Romans 5:12 Therefore, just as through one man sin entered the world, and death through sin, and thus death spread to all men, because all sinned— 13 (For until the law sin was in the world, but sin is not imputed when there is no law. 14 Nevertheless death reigned from Adam to Moses, even over those who had not sinned according to the likeness of the transgression of Adam, who is a type of Him who was to come. 15 But the free gift is not like the offense. For if by the one man’s offense many died, much more the grace of God and the gift by the grace of the one Man, Jesus Christ, abounded to many. 16 And the gift is not like that which came through the one who sinned. For the judgment which came from one offense resulted in condemnation, but the free gift which came from many offenses resulted in justification. 17 For if by the one man’s offense death reigned through the one, much more those who receive abundance of grace and of the gift of righteousness will reign in life through the One, Jesus Christ.)
18 Therefore, as through one man’s offense judgment came to all men, resulting in condemnation, even so through one Man’s righteous act the free gift came to all men, resulting in justification of life. 19 For as by one man’s disobedience many were made sinners, so also by one Man’s obedience many will be made righteous.
20 Moreover the law entered that the offense might abound. But where sin abounded, grace abounded much more, 21 so that as sin reigned in death, even so grace might reign through righteousness to eternal life through Jesus Christ our Lord.
Grace teaches us to live godly lives. If we do not obey grace, have we really received grace.11 For the grace of God has appeared, bringing salvation for all people, 12 training us to renounce ungodliness and worldly passions, and to live self-controlled, upright, and godly lives in the present age,
"Obey grace"?
You have, perhaps more than anyone I've ever discussed this with, turned "grace" into a synonym of "law". As a result, you keep conflating salvation with sanctification. Under the law, salvation and sanctification were the same thing. You were saved because you had faith in God and lived a righteous life. I don't think there is any one anywhere that would deny that much. But your doctrine is no different than that! You have quite literally turned grace into law.
I fail to see how that can be an example for us today if God's grace is different. The difference I understand is the sacrifices before could not remove sins but Christ's sacrifice can. We still have to live according to God's will and not our own in order to be faithful.
So, is this you stating bluntly that law and grace are not different, that they are, in fact, effectively synonymous?

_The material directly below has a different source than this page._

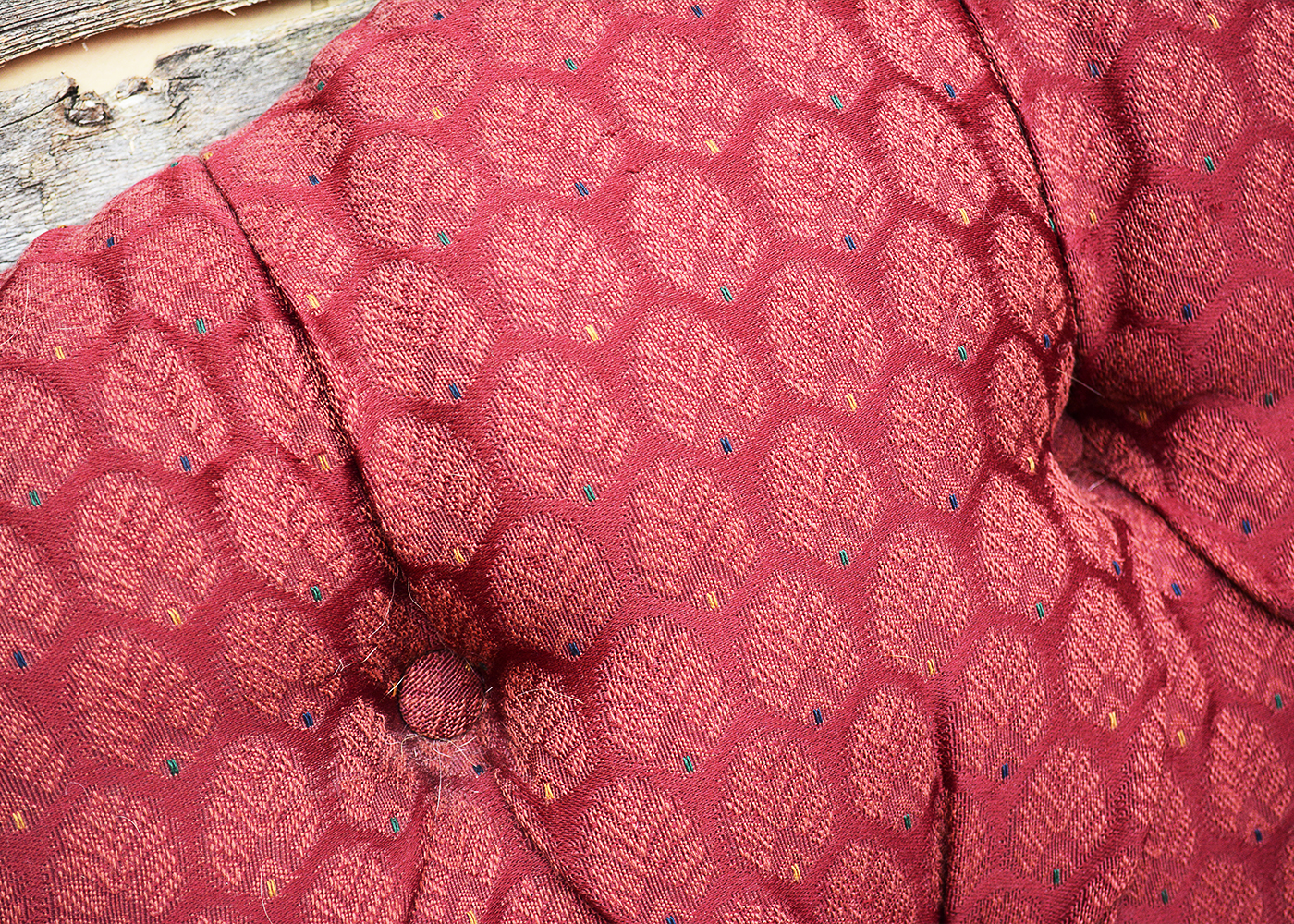 Antique Upholstered Settee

Interestingly, your doctrine would be spot on and exactly correct if God had not cut off Israel and turned instead to the Gentiles through Paul. When God did that, He didn't simply take the same program and move it over to a different set of people. Had he done so, He'd have ended up with the same result. On the contrary, the Body of Christ is not simply a reincarnated version of Israel. Rather, it is the revelation of a mystery that had been kept secret since the world began (Romans 16).

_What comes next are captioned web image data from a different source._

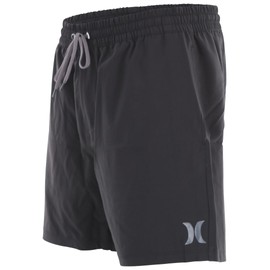 Hurley MBS0011010H010M One & Only Solid 17" Volley Black MD (32-33" Waist) Black M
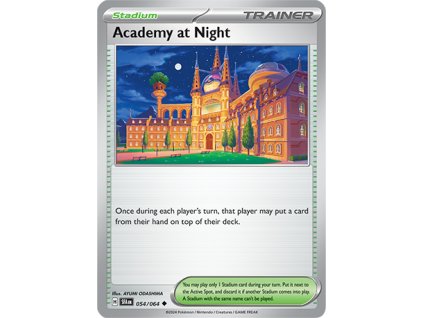 054/064 Academy at Night (Shrouded Fable) (varianta reverse holo)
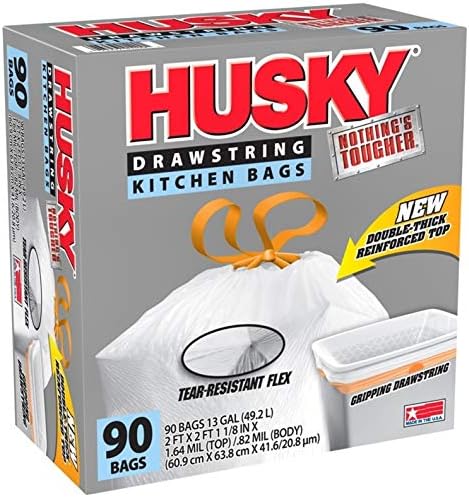 Bolsas de Basura Husky HK13XHF090W-XR, Capacidad de 13 Galones - imagen 1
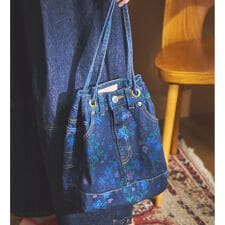 atelier SOMETHING　DRAWSTRING BAG/バッグ【FLOWER】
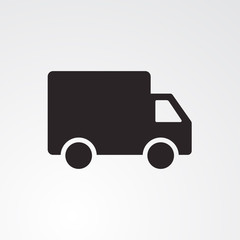 Truck, delivery, shipping icon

Indeed, if your doctrine was correct, all we would need of the New Testament would be the Gospels and the book of Hebrews and maybe James. The Twelve had already been trained by Christ and had received the great commission. There would be no need at all for Paul whatsoever.
Clete
P.S. Why did you ignore this point?....
No one could ever accuse you of ever preaching that we ought to sin that grace may abound or even that your doctrine implies such a thing. It would never in a thousand years occur to anyone to make such an accusation against your doctrine. Your entire lordship salvation doctrine is specifically designed to prevent anyone from ever getting that idea. You squeeze and twist and jump through whatever theological hoops that are necessary in order to make sure that no one ever makes that accusation, including going so far as to suggest that Abraham was made righteous by, of all things, having sex with his wife.